Alina Koroleva names the main crises that spouses face:
— The crisis of the beginning of cohabitation. Life consists of everyday details. When partners start living together, the unromantic moments of life manifest themselves: fatigue, illness, domestic problems.
— A crisis of fading passion. It happens differently for everyone, but the fading of passion usually lasts from several months to several years.

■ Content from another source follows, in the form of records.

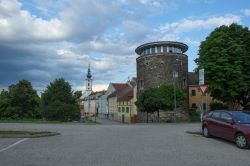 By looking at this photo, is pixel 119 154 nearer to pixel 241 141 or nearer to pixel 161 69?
pixel 241 141

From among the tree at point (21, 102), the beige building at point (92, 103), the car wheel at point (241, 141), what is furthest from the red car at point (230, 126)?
the beige building at point (92, 103)

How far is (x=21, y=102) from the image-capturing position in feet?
259

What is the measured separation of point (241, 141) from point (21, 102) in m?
68.0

— The birth crisis. The appearance of a baby brings a lot of changes in a well-adjusted life, adds responsibility and worries 24/7 for several years. Fatigue and sleep deprivation make the situation worse.
— The crisis of changing the financial situation. Any drastic changes in the family's finances are a test. An increase in income and inheritance is no less stressful than a decrease in income or other financial losses.
— The crisis of changing the place of residence.
— The crisis related to diseases. Loss of health is a serious test of a relationship's strength.
— The "empty nest" crisis. Parenting is a process that unites spouses and fills their lives for many years to come. It matters what unites the partners at a new stage of life.
If both partners are committed to health, children, and career development, then it's easy for them to change their lifestyle together, find new suitable physical activities, and support each other in professional development, Koroleva believes.
A clinical psychologist recommends that those who are going through a crisis of family life, first of all, not to be silent, but to talk to each other.
— Be prepared for hysteria, both your own and someone else's. Make it clear to yourself that your task is not to win the argument, but to make the other person understand you and be able to repeat your position. He may not agree with her, but it all starts with understanding and acknowledging someone else's opinion," says Volkov.— Don't talk about how bad everything is, but talk specifically about what exactly you want to offer as a solution. But remember that you can only ask for really doable things: take out the trash, clean the coffee machine, pay the bills. But it is absolutely impossible to demand eternal fidelity or humiliating forgiveness.
When a relationship comes to an impasse, there is no need to be afraid of contacting a family psychologist who will help establish normal communication. Sergey Volkov also recalls that in addition to psychological assistance, there is a family mediation institute in the country that specializes in conflict resolution. The mediator does not take sides, but helps to understand the situation.